Administrative Sanctions
In addition to criminal provisions attached to the capital-markets sector, which remain available, the sanctions regime arms the OJK with a range of tools to discipline issuers, public companies and creditors that fail to comply with their disclosure obligations. The OJK structures these in a tiered system that begins with written warnings, escalating through increasingly punitive measures such as fines and the revocation of business licenses, in the following stages:
a. written warnings;
b. fines, which is the obligation to pay a certain sum of money;
c. restriction of business activities;
d. freezing of business activities;
e. revoke of business license;
f. annulment of approval; and/or
g. annulment of registration.
The regulation makes clear that these measures listed under b. to g. may be applied without prior written warnings. In addition, the OJK may impose fines in addition to taking the measures under c. to g. The OJK may also take “other measures” against parties who fail to comply with their disclosure obligations.

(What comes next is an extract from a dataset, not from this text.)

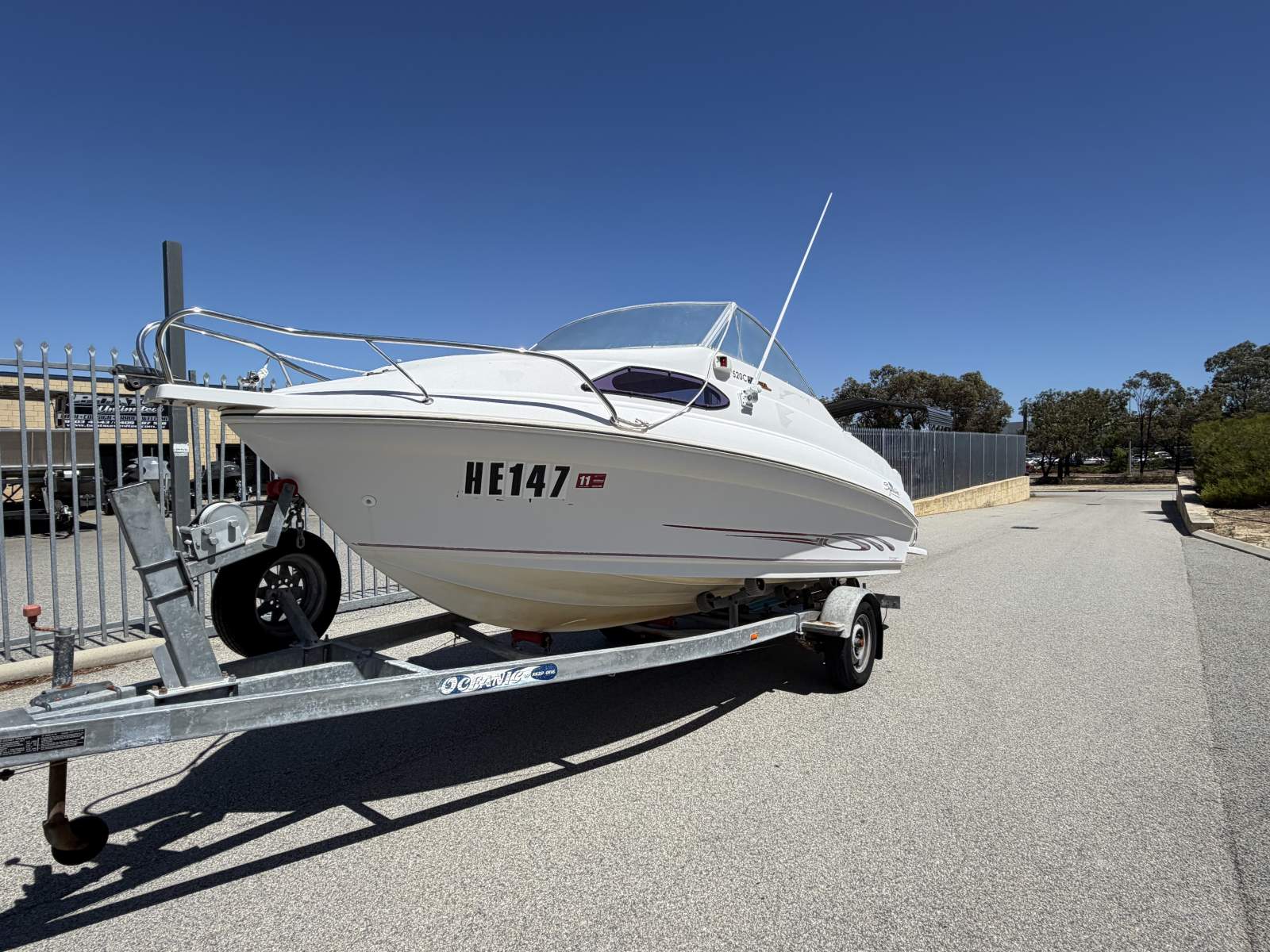 2001 HAINES SIGNATURE 520 C CUDDY CABIN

Such other measures may include a suspension of the issuance of a declaration of effectiveness of a registration statement in the framework of a public offering. Finally, the authority is granted the right –apparently as part of a naming and shaming strategy- to announce the imposition of administrative sanctions and “other measures” to the public. The intention of POJK 26/2017, therefore, seems to be to create a compelling deterrent effect that ensures the timely disclosure of bankruptcy-related information. This regulation is expected to enhance the compliance level for issuers and public companies which experience a bankruptcy related event while still having a going concern business. However, it can be doubted whether the sanctions will have any deterrent effect on issuers or public companies that face bankruptcy related events, given that their business activities will cease anyway and it may be hard if not impossible to collect fines from these parties.
POJK 26/2017 was issued on 21 June 2017 and came into effect 22 June 2017 and replaces BAPEPAM-LK under Regulation No. Kep-46/PM/1998.